*** INFORMATION Section Begins ***

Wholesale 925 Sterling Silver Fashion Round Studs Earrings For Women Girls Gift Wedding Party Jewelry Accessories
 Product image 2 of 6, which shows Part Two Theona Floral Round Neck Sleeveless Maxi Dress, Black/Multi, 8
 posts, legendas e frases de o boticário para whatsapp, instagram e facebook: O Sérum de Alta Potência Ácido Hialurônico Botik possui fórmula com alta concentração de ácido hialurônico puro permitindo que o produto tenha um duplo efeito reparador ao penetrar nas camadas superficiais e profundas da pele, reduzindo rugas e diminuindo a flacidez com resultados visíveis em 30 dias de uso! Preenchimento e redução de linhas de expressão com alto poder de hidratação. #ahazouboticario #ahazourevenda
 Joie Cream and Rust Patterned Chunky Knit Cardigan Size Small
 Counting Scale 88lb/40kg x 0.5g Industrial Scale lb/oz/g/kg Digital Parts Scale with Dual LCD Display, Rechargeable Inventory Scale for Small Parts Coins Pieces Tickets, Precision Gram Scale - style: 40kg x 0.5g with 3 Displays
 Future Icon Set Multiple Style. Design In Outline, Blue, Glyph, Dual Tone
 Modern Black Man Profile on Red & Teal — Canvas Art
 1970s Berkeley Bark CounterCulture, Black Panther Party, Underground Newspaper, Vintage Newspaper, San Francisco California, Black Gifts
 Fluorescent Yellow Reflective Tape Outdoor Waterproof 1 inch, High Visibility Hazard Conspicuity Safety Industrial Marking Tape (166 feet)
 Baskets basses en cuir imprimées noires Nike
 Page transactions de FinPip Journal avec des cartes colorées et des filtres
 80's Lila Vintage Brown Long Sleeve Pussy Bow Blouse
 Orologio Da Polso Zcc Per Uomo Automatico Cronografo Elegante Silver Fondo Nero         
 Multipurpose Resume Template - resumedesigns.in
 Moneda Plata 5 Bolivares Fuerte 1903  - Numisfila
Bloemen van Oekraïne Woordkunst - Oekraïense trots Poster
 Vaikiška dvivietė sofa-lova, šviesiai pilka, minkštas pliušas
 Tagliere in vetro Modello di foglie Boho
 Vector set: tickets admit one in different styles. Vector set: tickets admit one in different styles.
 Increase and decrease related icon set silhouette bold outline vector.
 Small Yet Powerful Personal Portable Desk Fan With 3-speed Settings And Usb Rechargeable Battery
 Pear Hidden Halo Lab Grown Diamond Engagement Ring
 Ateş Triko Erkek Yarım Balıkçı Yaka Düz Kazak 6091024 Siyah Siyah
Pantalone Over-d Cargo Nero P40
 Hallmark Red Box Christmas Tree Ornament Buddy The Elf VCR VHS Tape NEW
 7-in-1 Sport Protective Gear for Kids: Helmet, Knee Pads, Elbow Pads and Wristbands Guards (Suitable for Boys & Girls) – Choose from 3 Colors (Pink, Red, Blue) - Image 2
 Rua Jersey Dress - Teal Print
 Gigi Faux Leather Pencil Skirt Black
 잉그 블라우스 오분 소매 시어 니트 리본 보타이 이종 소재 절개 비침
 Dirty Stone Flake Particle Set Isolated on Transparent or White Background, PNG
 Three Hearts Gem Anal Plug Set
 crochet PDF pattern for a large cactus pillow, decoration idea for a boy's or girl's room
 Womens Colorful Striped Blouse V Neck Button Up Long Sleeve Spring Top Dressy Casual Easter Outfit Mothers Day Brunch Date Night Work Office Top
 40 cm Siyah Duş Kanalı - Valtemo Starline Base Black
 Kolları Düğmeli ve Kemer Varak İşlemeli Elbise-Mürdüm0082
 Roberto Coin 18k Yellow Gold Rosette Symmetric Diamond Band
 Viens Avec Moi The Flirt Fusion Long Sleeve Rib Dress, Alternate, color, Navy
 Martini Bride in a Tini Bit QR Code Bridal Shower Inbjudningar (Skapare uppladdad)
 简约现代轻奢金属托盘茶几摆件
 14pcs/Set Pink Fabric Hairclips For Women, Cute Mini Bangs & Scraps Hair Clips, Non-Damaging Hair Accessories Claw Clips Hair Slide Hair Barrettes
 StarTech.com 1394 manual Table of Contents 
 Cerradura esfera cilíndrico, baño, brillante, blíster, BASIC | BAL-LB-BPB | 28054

*** INFORMATION Section Ends ***

__INSTRUCTIONS TO FOLLOW__
Your answer should hold every line of the entries that contains the string "Pink".

__ANSWER BELOW__
 7-in-1 Sport Protective Gear for Kids: Helmet, Knee Pads, Elbow Pads and Wristbands Guards (Suitable for Boys & Girls) – Choose from 3 Colors (Pink, Red, Blue) - Image 2
 14pcs/Set Pink Fabric Hairclips For Women, Cute Mini Bangs & Scraps Hair Clips, Non-Damaging Hair Accessories Claw Clips Hair Slide Hair Barrettes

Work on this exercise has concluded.